Even from a high-security cell, the former dictator
succeeded in briefly dominating the opening session
by having his lawyer read a letter saying Mr. Taylor
would not “be a fig leaf of legitimacy for this
court.”
But as his lawyer walked out, the judges ordered the
trial, before the United Nations-backed Special
Court for Sierra Leone, to go on.
A panel of four international judges is trying Mr.
Taylor, 59, on charges of backing rebels who plunged
Sierra Leone, which borders Liberia, into civil war.
Prosecutors said “they terrorized, killed and
mutilated civilians” on rampages in which weapons
were often paid for with locally mined diamonds.
Tens of thousands of people were killed in the
fighting, and as many as 500,000 were affected by
the rebels’ campaign, which became notorious for
rape and the cutting off of arms, legs, ears or
noses of civilians to silence dissent.
The war strategies of Mr. Taylor are said to have
also caused the deaths of several hundred thousand
people in his home country, where he became
president in 1997 after leading a guerrilla army,
but any crimes in Liberia are not within the mandate
of this court. His forces often consisted of child
soldiers, who the prosecution said had been
indoctrinated and incited through the use of drugs.
Mr. Taylor, the first African head of state to be
brought to trial before an international court,
faces 11 counts of crimes against humanity and war
crimes, committed during the Sierra Leone civil war,
which lasted from 1991 to 2002.
The long-awaited start of the trial was briefly
taken up by procedural wrangling in which the
defense lawyer, Karim Khan, and the presiding judge,
Julia Subutinde of Uganda, sparred over Mr. Taylor’s
absence. Mr. Khan walked out, saying Mr. Taylor had
“terminated” his relations with him, even though the
judge repeatedly ordered him to stay.
As the formal session began in a courtroom of the
International Criminal Court, the prosecution read a
nearly three-hour opening statement before the
red-robed judges and two public galleries, packed
with diplomats, lawyers, human rights advocates and
reporters.
Outlining his case, Stephen Rapp, the chief
prosecutor, said he planned to show how Mr. Taylor
controlled his men, even killing members of his
inner circle when he feared they might expose him,
and how he obtained arms and ammunition by illegally
selling timber and trading in diamonds, which became
known as “blood diamonds.” Mr. Rapp said the
prosecution would show “how the diamond trade
worked.”
He said he would dwell on the fate of children who
were taught to amputate limbs and gouge out eyes and
were even ordered to kill their parents and to see
the army as their new family.
“The crimes are nothing short of enormous,” Mr. Rapp
said. While the suffering could never be erased, he
said, he hoped that the trial would give the people
of Sierra Leone “some small measure of closure.”

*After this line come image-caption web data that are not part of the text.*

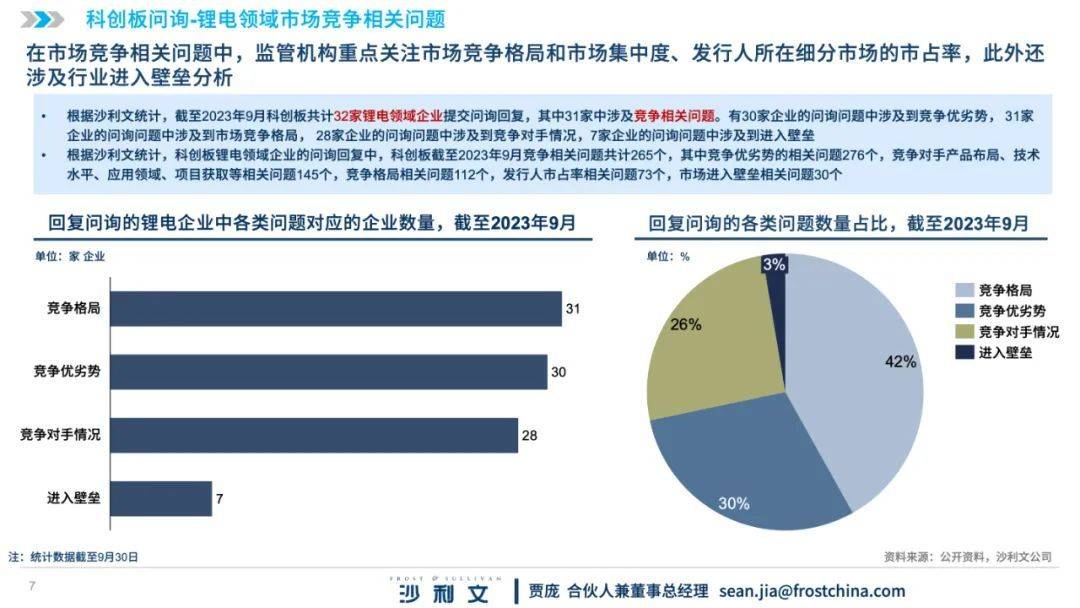 沙利文:2023年科创板问询回复专题-锂电行业(附下载)_搜狐汽车_搜狐网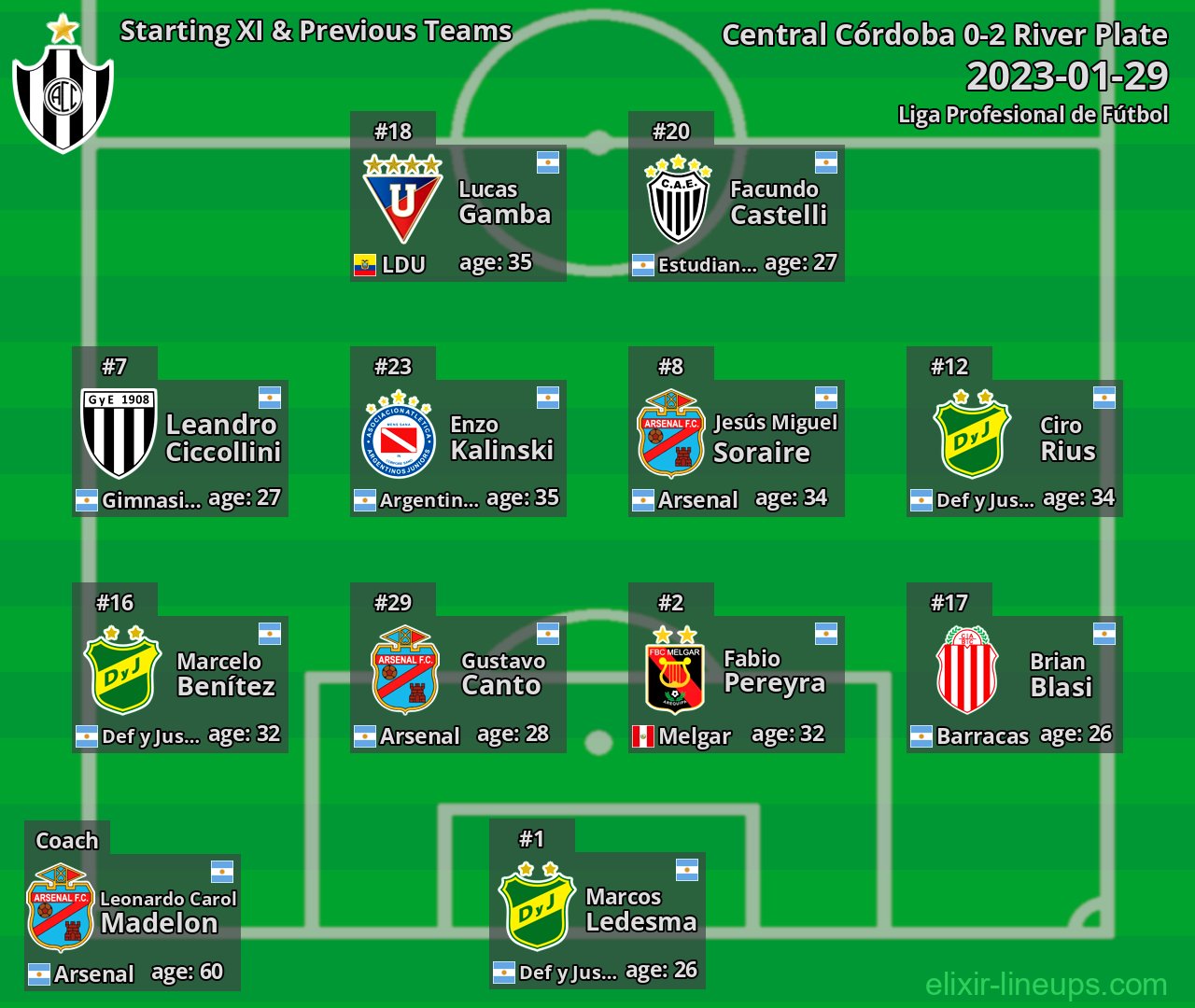 Central Córdoba Starting XI & Previous Teams 2023-01-29
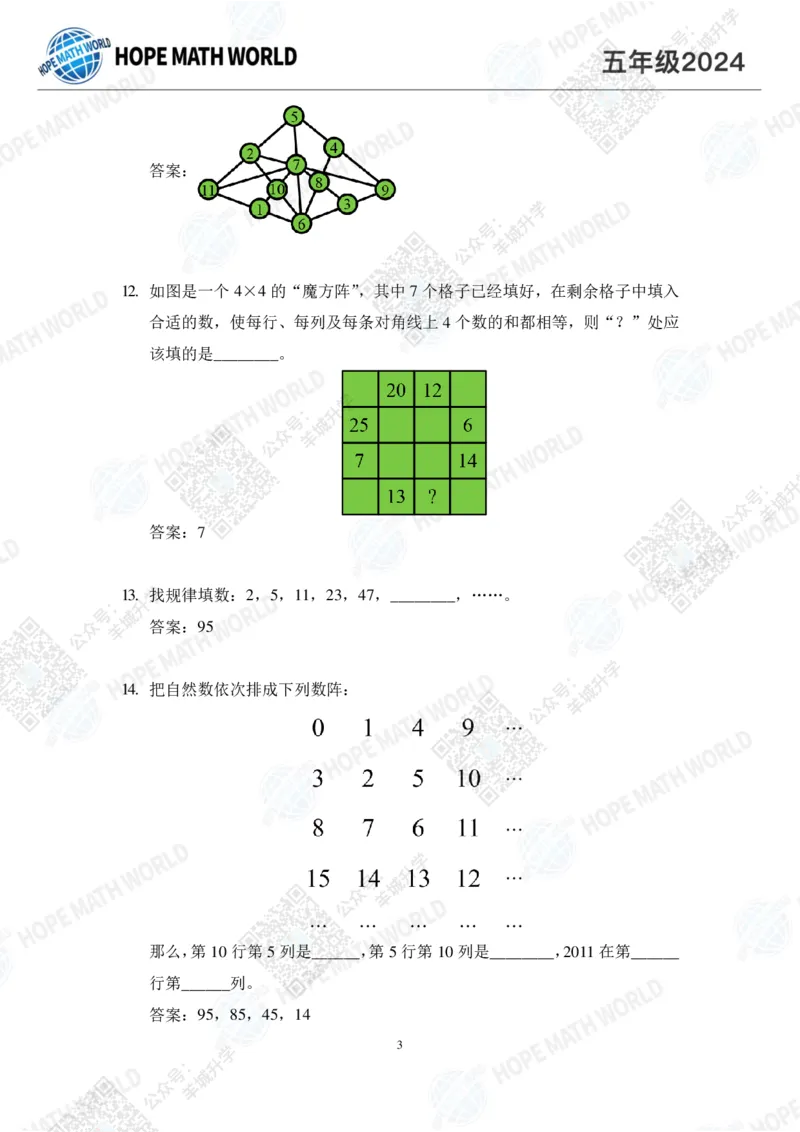 2024IHC5培训题-答案版_希望杯IHC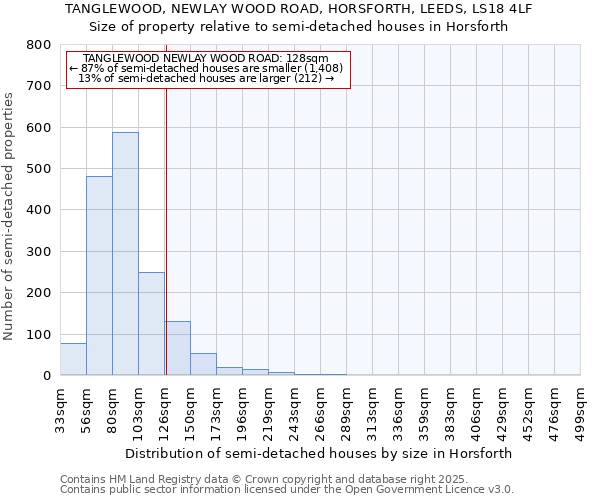 TANGLEWOOD, NEWLAY WOOD ROAD, HORSFORTH, LEEDS, LS18 4LF: Size of property relative to detached houses in Horsforth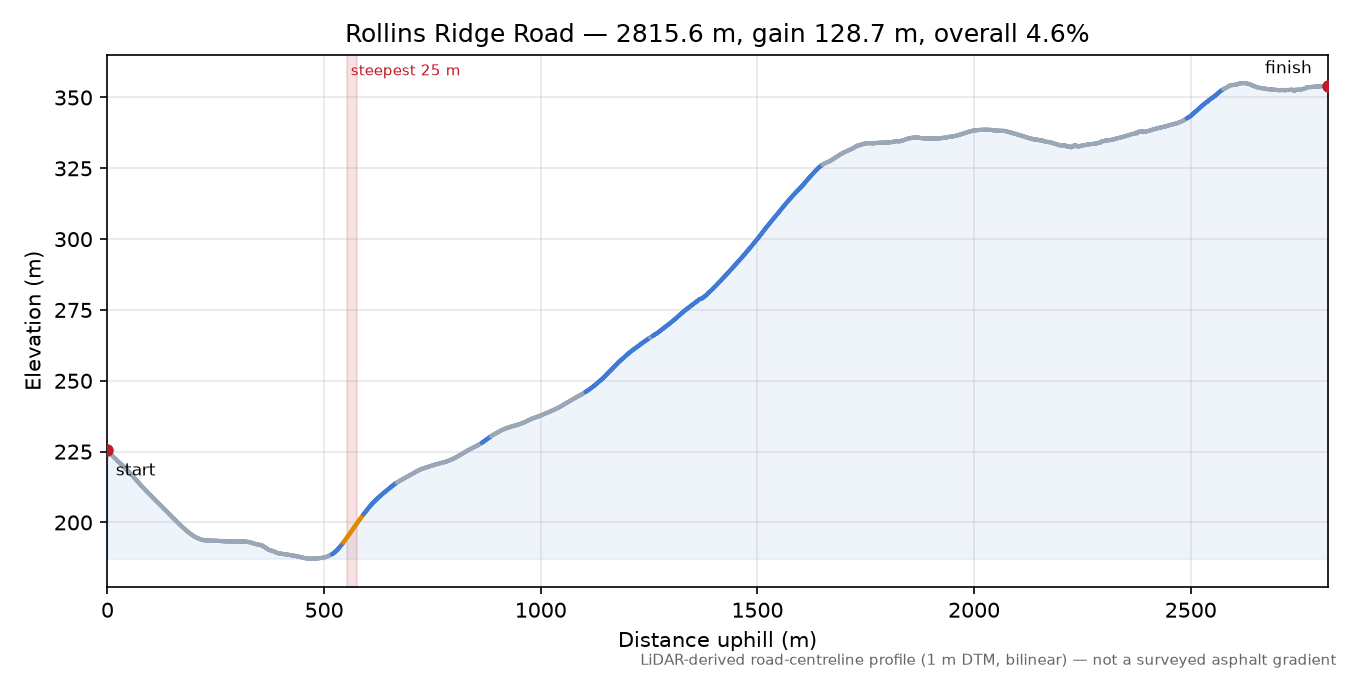 Rollins Ridge Road elevation profile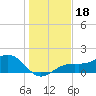 Point Pinellas tide chart for Wednesday, December 18, 2024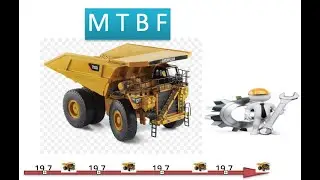 MTBF: Tiempo medio entre fallas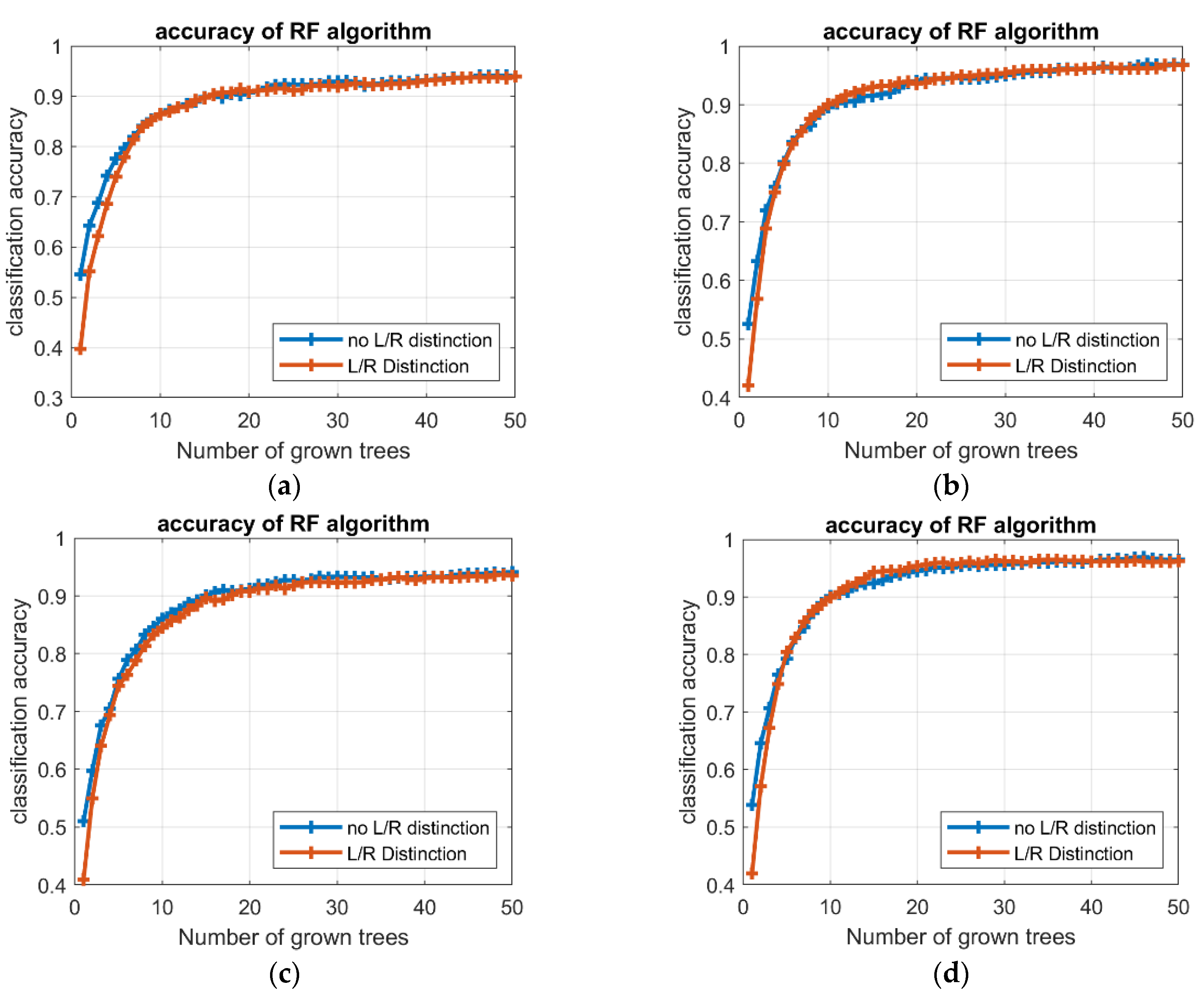 Sensors 21 05253 g008 550
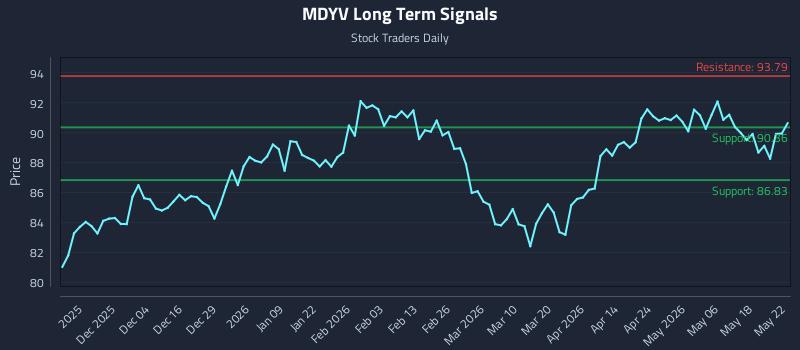 MDYV Long Term Analysis for May 25 2026 MDYV Long Term Analysis for May 25 2026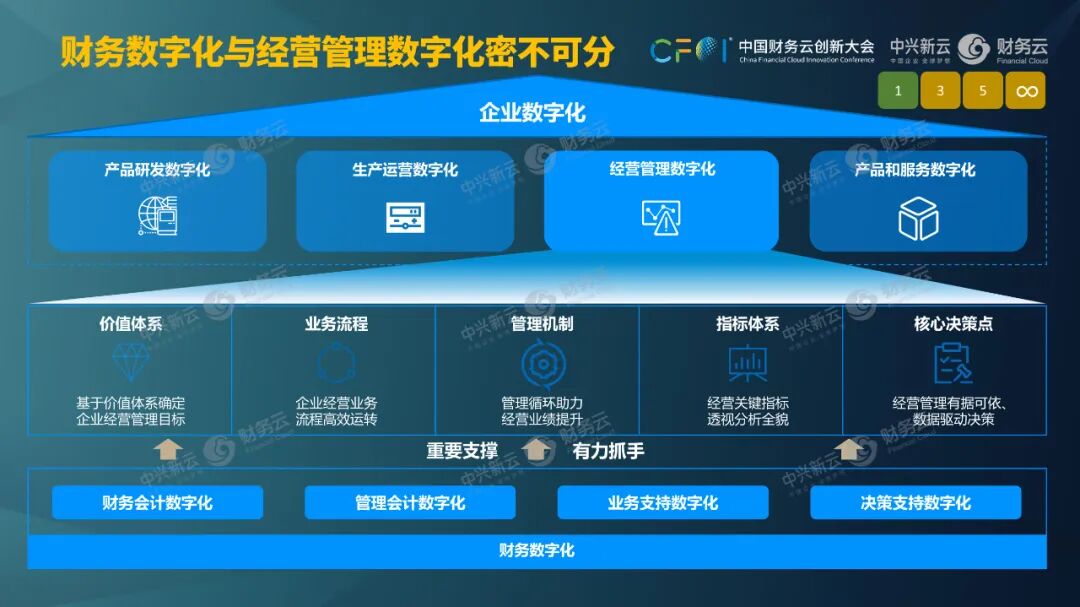 《杨利明:以场景与数据治理激活财务智能》配图 2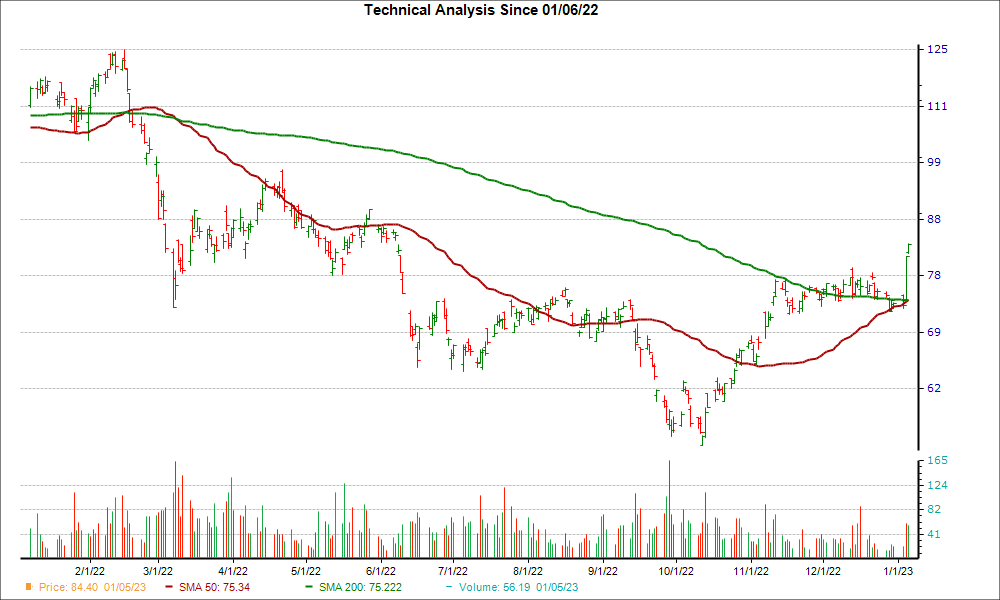 Moving Average Chart for RYAAY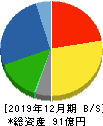 サイバーコム 貸借対照表 2019年12月期 サイバーコム 貸借対照表 2019年12月期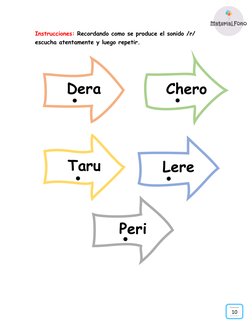Actividades para el fonema R y RR | PDF | Voz humana
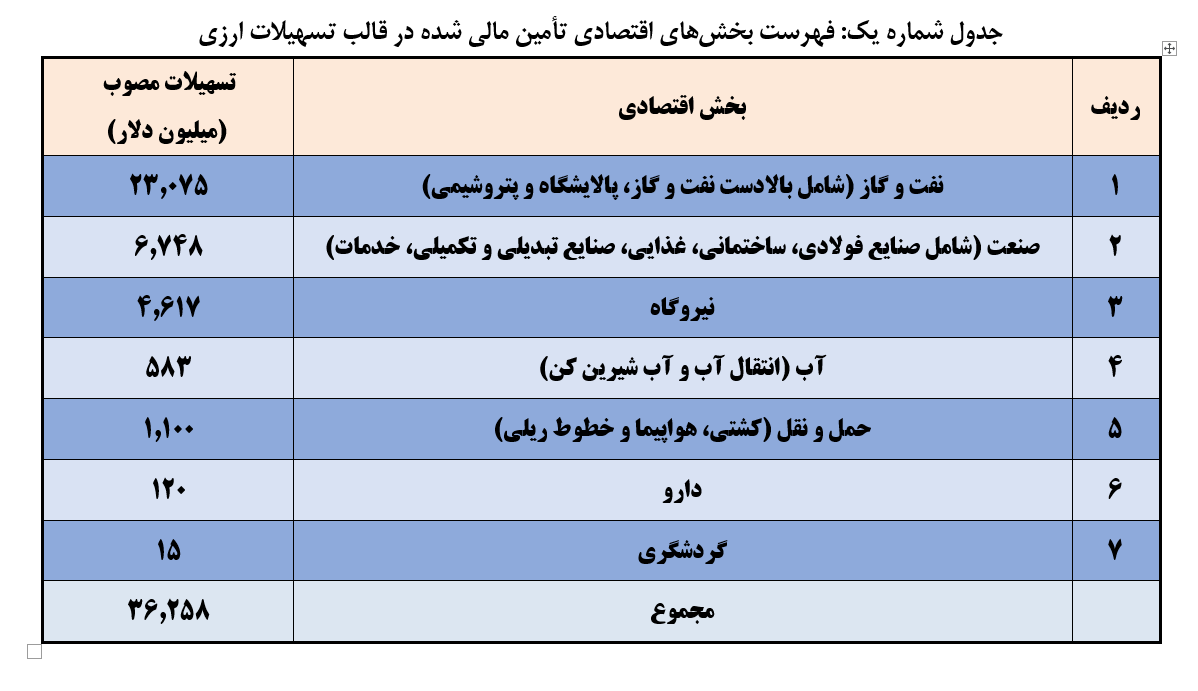 سرمایه گذاری ۳۶ میلیارد دلاری صندوق توسعه ملی در طرح‌های اقتصادی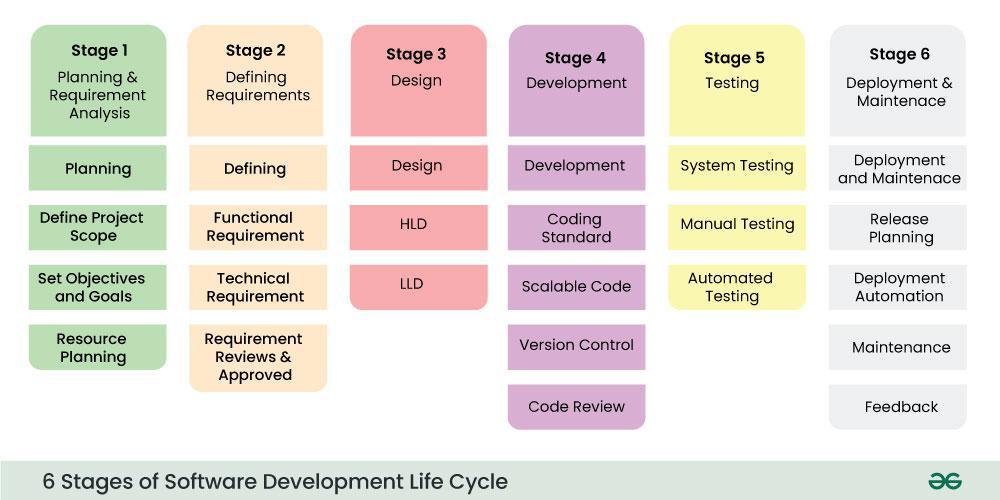 6-Stages-of-SDLC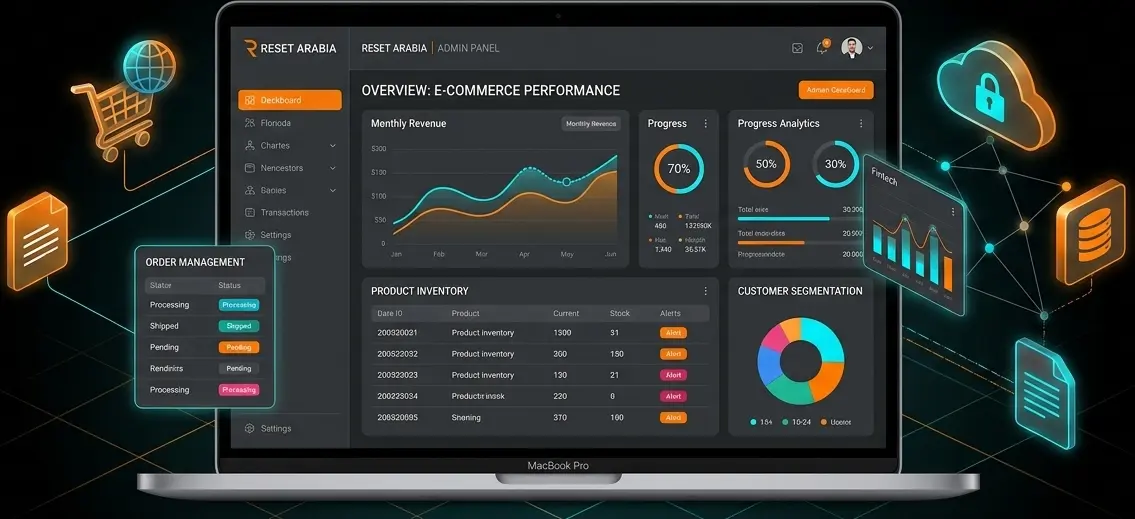 E commerce Platforms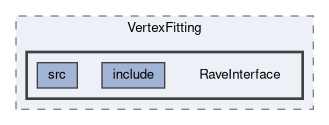 analysis/VertexFitting/RaveInterface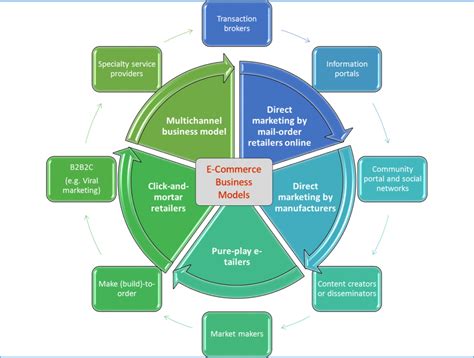 asian institute of e-commerce|Changing Face of E.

Some observers in the gallery said that by
boycotting the court session, Mr. Taylor was
evidently trying to draw attention to himself rather
than to the prosecution’s graphic accounts. During a
break, Abdul Rahim Kamara, a human rights advocate
from Sierra Leone, said Mr. Taylor’s absence and
other actions were “just stalling tactics.”
“But in the end he can’t gain anything, Mr. Kamara
said. “He is locked up.”
Mr. Taylor did attend three earlier hearings. During
those, he and his lawyer demanded delays to gain
more preparation time, better offices and more
financing for the defense. Mr. Taylor has declared
himself partly indigent, which means that the court
pays all of his legal fees, which thus far add up to
$680,000, a court official said.
“Here’s a man who has sucked the life blood out of a
whole region, emotionally, physically and
financially, and he is playing a smoke and mirrors
game over money,” said David Crane, former
prosecutor of the Special Sierra Leone Court, who
signed the Taylor indictment in 2003 and was in the
gallery on Monday.
Mr. Crane said court investigations had estimated
Mr. Taylor’s personal fortune at $450 million. Mr.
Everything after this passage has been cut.